TASK =>
As you print the data below, keep every line exactly as it is and leave the images behind.

DATASET CONTENT =>
━━━━━━

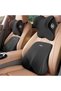 Lumbar Support Back Cushion Headrest Set Neck Pillow Kit with Memory Foam Comfortable Relieve Back S - 7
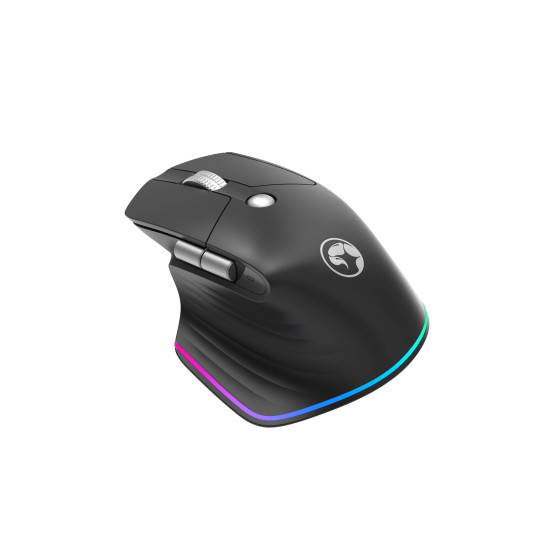 Безжична мишка Marvo Wireless Gaming Mouse Duke 55 G803 BK - 4000dpi, 2.4G, Bluetooth
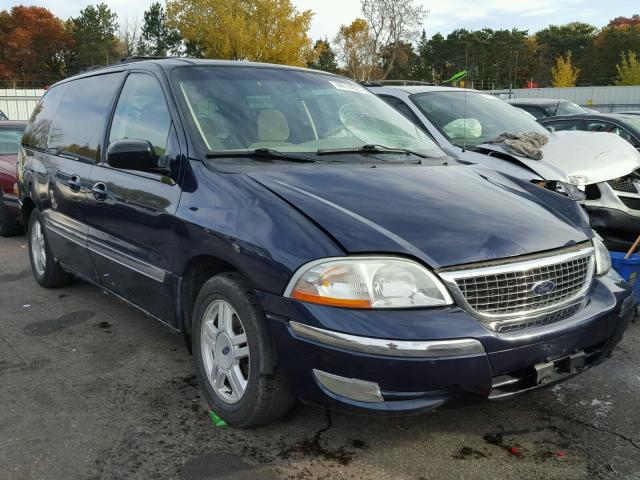 2FMZA52463BB30137 - 2003 FORD WINDSTAR BLUE photo 1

━━━━━━

RESULT OF THE TASK =>
 Lumbar Support Back Cushion Headrest Set Neck Pillow Kit with Memory Foam Comfortable Relieve Back S - 7
 Безжична мишка Marvo Wireless Gaming Mouse Duke 55 G803 BK - 4000dpi, 2.4G, Bluetooth
 2FMZA52463BB30137 - 2003 FORD WINDSTAR BLUE photo 1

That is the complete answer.